Tuesday, March 7, 2017

Visualizing and Clustering Pizza Places in Pittsburgh

I am using the dataset provided by Yelp.com to explore the spatial distribution of restaurants in Pittsburgh. I created a small program to parse the json file provided on the website and extract restaurant information from it. The program is available here.

The graph below shows the locations of pizza places plotted on the map of Pittsburgh. The colors of the nodes represent the Stars (ratings from reviewers), and the sizes represent the number of reviews.

 I clustered the pizza places into five groups using the Kmeans algorithm, according to their geographical locations and numbers of reviews.

Clusters Number of Items Center Latitude Center
Review Count
Cluster 1 145 40.345 -80.055 17.952
Cluster 2 73 40.353 -79.791 11.945
Cluster 3 215 40.444 -79.966 38.888
Cluster 4 121 40.531 -80.086 18.397
Cluster 5 79 40.494 -79.78 12.823

It is interesting that the center of Cluster 3 (red) has significantly higher review count than other clusters. Comparing the results with the map of Pittsburgh neighborhoods (Image: Tom Murphy VII.), it is shown that most nodes of Cluster 3 are located in the central district and areas near the city center. That may be why theses pizza places receive more reviews, which imply that they are more popular.

This time, I clustered the pizza places into five groups according to their geographical locations and Stars instead of the number of reviews. This time, Cluster 3 (red) and Cluster 4(light green) have a lot of overlapping areas near the city center. The Stars of the centers of Cluster 3 and 4 are very different, equal to 2.4 and 3.8 respectively. That means the pizza places in the same area are clustered into two groups. Therefore, while pizza places near the city center are more popular than others, they are not higher rated. I find it very interesting to explore issues in the social science by analyzing social media data, and hope to do more in the future!

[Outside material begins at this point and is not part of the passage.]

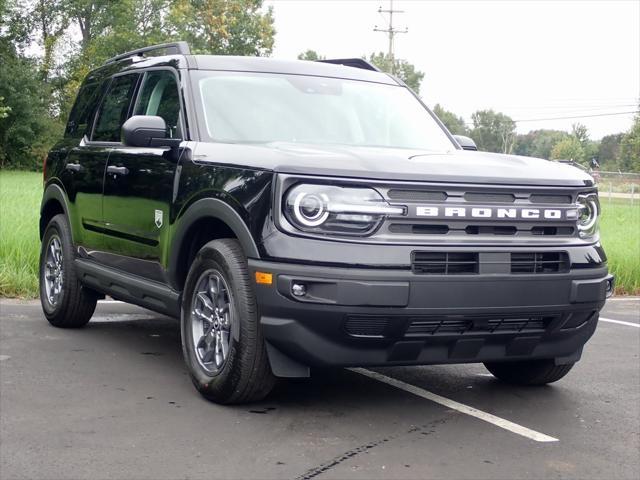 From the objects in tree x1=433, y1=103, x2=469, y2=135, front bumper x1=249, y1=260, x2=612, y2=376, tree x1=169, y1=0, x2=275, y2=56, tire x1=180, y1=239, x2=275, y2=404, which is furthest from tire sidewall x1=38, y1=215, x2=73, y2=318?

Wednesday, February 22, 2017

A location model based on rent

I have developed a location model based on rent. In this model, the rent of each cell is calculated by taking the average of agents' income in this area. Agents have different income levels and requirements on space. Agents want to be located in the most accessible area they can afford where their preferences for space are matched.

There are two types of agents: residents and employers. Residents have high income (e.g. financial services), middle income (e.g. teachers and other professional occupations) and low income workers, which are classed as ‘commerce’, ‘service’ and ‘industry’ respectively. These classes are additionally broken down by age as young (18-34), middle aged (35-65) and old (66+). The agent’s age is calculated randomly when it is first created (18-67). Each agent desires a certain amount of space which is broken down by age categories.

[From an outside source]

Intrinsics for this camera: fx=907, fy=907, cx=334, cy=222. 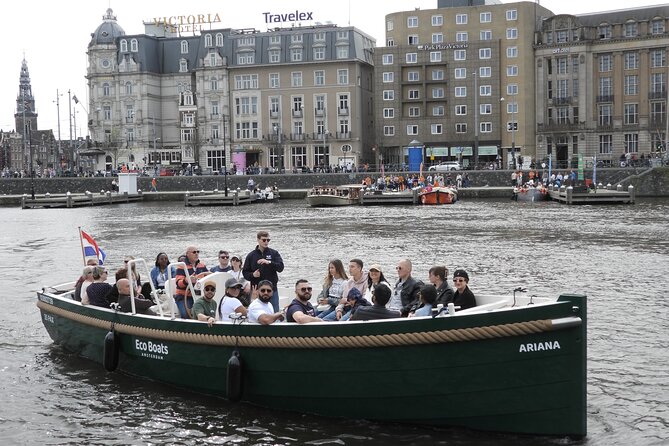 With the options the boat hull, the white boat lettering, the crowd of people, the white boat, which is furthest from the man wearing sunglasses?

Employer agents were designed to reflect the residential agents’ employers, and subsequently the same three groups of ‘commerce’, ‘service’ and ‘industrial’ were used to represent employers’ different roles instead of age, they have a tenure set between 0-6. employer agents’ decrease their tenure to zero. Once zero is reached, the employer can move. As with residents, employers have a space requirement. For example industrial firms are driven by the need for large amounts of land while financial services (i.e. ‘commerce’ employer) need less land but want a more central location. Each employer also has an income which is four times that of residents.

It is assumed that younger residential agents will move more frequently (every 2 iterations on average) than those who are middle aged (every 5 iterations) with the older residents moving the least (every 10 iterations, On the other hand, employers only move if their tenure is 0. Once an employer agent has moved and finds a suitable location, its tenure is reset to 6 and cannot move for 6 iterations of the model.

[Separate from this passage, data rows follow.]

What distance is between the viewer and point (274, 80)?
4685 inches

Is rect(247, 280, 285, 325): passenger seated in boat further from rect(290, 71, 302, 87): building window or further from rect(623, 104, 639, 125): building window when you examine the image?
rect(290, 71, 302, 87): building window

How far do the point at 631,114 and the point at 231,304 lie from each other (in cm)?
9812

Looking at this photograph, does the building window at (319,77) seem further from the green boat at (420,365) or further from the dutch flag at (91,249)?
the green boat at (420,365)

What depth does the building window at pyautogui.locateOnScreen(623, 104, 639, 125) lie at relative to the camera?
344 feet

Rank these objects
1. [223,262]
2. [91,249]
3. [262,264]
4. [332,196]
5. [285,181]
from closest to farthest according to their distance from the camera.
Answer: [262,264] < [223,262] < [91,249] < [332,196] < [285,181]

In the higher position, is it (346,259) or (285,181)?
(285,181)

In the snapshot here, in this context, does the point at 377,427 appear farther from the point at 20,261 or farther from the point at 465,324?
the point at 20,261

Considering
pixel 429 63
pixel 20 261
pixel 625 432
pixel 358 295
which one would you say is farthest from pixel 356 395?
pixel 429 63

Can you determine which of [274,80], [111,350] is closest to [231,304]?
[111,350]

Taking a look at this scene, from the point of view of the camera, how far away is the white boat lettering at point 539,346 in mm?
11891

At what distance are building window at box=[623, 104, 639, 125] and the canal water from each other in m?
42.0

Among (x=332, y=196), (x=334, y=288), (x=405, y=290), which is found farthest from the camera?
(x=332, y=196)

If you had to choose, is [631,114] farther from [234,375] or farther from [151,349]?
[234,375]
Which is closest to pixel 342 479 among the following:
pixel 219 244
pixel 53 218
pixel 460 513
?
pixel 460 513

Agents of either residential or employer type wanting to be located in the most accessible area they can afford where their preferences for space are matched. An alternative zonal system is used, based on a series of small overlapping areas which allow agents to search the entire area which is not restricted to such boundaries and allows agents to identify clusters spread across such boundaries.

When an agent decides to move, it goes through the list of areas and finds which area is the most attractrive area (in this area its based on accessability). The agent initially moves to the centre of the area, then searches the area for an affordable neighborhood.

The results with one city center:

The results with new city center:

The code can be found here: https://github.com/YangZhouCSS/Bitrent

Saturday, April 23, 2016

Walk This Way: Pedestrian agent-based model using mobility datasets

This is a Netlogo reimplementation of the pedestrian model in “Walk This Way: Improving Pedestrian Agent-Based Models through Scene Activity Analysis” by Andrew Crooks et al. The purpose of pedestrian models in general, is to better understand and model how pedestrians utilize and move through space. This model makes use of mobility datasets from video surveillance to explore the potential that this type of information offers for the improvement of agent-based pedestrian models.  

The visualization of the model looks like this:
(Grey boxes are the obstacles. Yellow triangles are the agents.)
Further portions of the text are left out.